An editorial by the National Indigenous Times (link
here)
headed ‘Economic partnership or political theatre? Government’s Garma plan
questioned amid worsening outcomes’ opined:
Yet there is reason to
question whether this latest suite of announcements represents real change or
another layer of process wrapped in new branding. Closing the Gap targets
remain in crisis. Many indicators are worsening, particularly in the Northern Territory
where Indigenous incarceration rates are among the highest in the world and
child health outcomes lag far behind the national average.
The Prime Minister’s speech at Garma (link
here)
represents the culmination of the Government’s post referendum pivot to
economic empowerment first articulated by the Prime Minister at Garma in his 2024
speech to Garma titled Economic Empowerment for Indigenous Australians (link
here).
In his 2024 speech he committed his government to take up the challenge to
pursue a ‘comprehensive economic policy challenge for Indigenous peoples.’ He
announced that the Government was creating a new First Nations economic
partnership building on the work of the Coalition of Peaks and the nascent First
Nations Economic Empowerment Alliance.
The recent 2025 speech was followed by a more detailed
media release outlining the specific details of what is being proposed (link
here).
The key announcement is the release of the text of the new First Nations
Economic Partnership Agreement between the Commonwealth and the Coalition of
Peaks and the First Nations Economic Empowerment Alliance (link
here).
To be clear, this Partnership Agreement is national in scope and represents a
new and complementary addition to the institutional framework established in
2020 with the establishment of the National Agreement on Closing the Gap.

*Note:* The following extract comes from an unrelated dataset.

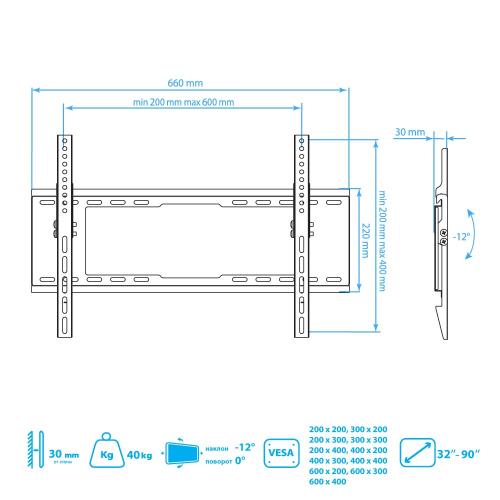 Кронштейн для телевизора Kromax IDEAL-102 черный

There are two new elements to the structural architecture
of this agreement: the first is the addition of the First Nations Economic
Empowerment Alliance (FNEEA) (link here) as a
formal party to the Agreement; the second is the absence of the states and
territories from the Agreement (in contrast to the National Agreement on
Closing the Gap). I can see arguments both for and against having the states
and territories involved, and on balance see the undoubted and direct
involvement and engagement of the Commonwealth as a strong positive. There is
no reason why the Commonwealth could not engage with relevant states and
territories on relevant issues either through the regular meetings of the (so
called) National Cabinet, through the Joint Council on Closing the Gap, or
through targeted engagement with relevant states and territories as needed.

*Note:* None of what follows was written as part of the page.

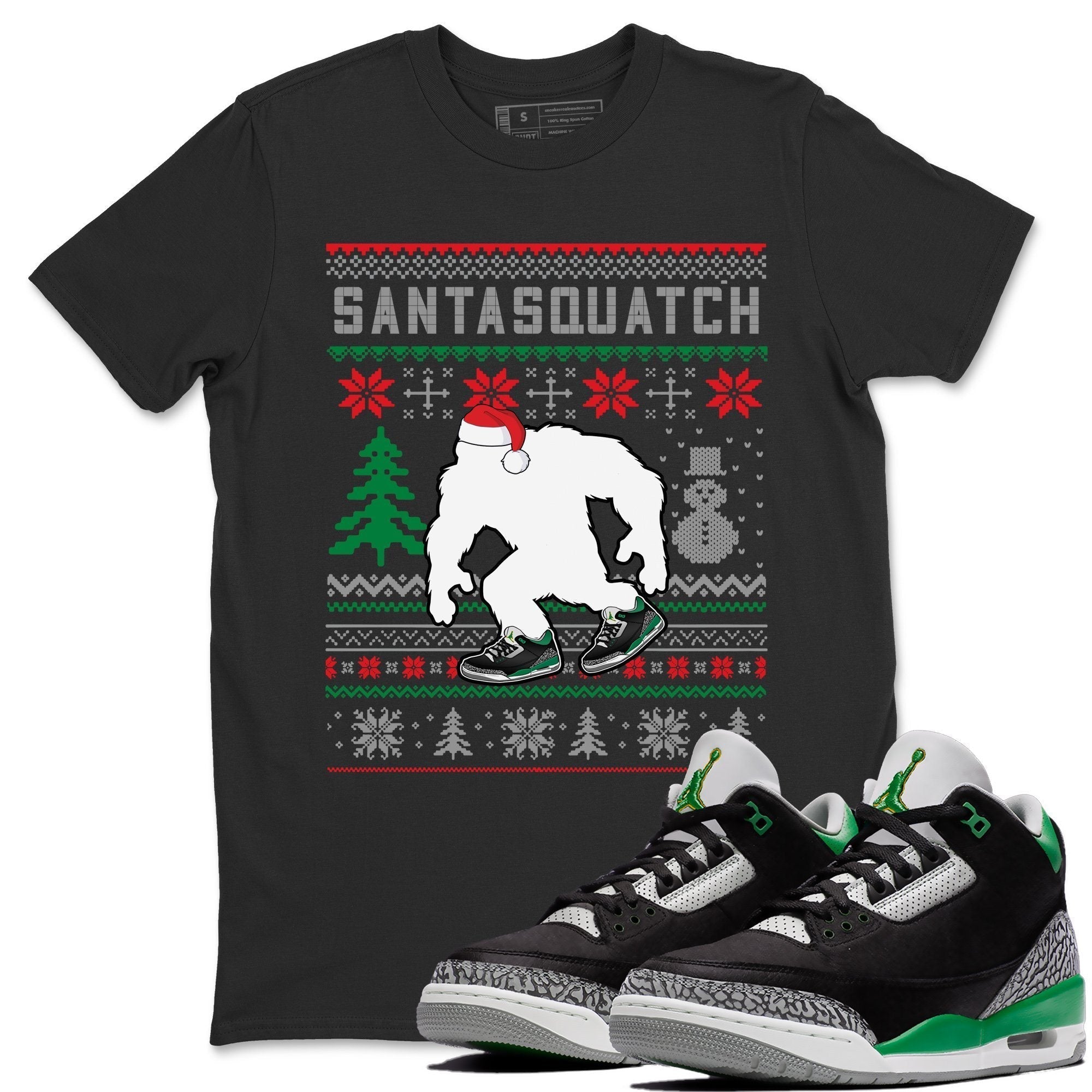 Santa Squatch Unisex Tops - Air Jordan 3 Pine Green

The key institutional changes foreshadowed in the PM’s
speech and the associated media release were the references to making better
use of capital and equity in special investment vehicles such as the North
Australia Infrastructure Fund (NAIF) and the Australian Renewable Energy Agency
(ARENA) and ‘ensuring’ these agencies ‘are delivering for First Nations
communities across Australia’. Both of these foreshadowed changes remain opaque
however as they are subject to detailed development by the parties to the new
Partnership Agreement.
I have long been a critic of the NAIF’s failure to allocate
resources to infrastructure investment in remote Indigenous communities (link
here
and link
here).
The latest review statutory review of the NAIF undertaken by former Member for
Lingiari, Warren Snowdon, Dr Lisa Caffery and Professor Peter Yu was delivered two
months late (link
here)
to the Minister for Northern Australia, Madeleine King in February this year
and is yet to be publicly released (link
here).
One might be forgiven for thinking that the report has been warehoused to
inform and feed into the new Partnership’s deliberations. On my reckoning it
must be published by 1 September (the NAIF legislation requires the minister to
table it within fifteen sitting days of receipt). Whether the Review’s yet to
be revealed recommendations will emerge unscathed from the further prolongation
of partnership review and the possible necessity for legislative amendment are
moot.
A second potentially important institutional change is a
proposal for the Partnership to consider ways to enhance the work of Indigenous
Business Australia and the Indigenous Land and Sea Corporation, two key
statutory corporations in the Indigenous Australians portfolio with economic
development focus. Again, it is not clear what is intended here, although there
are suggestions in the publications on the website of the FNEEA that they see
potential for the considerable financial assets of the ILSC’s associated Land Fund
and the IBA’s very healthy balance sheet to be made more accessible for
commercial investment across the Indigenous estate.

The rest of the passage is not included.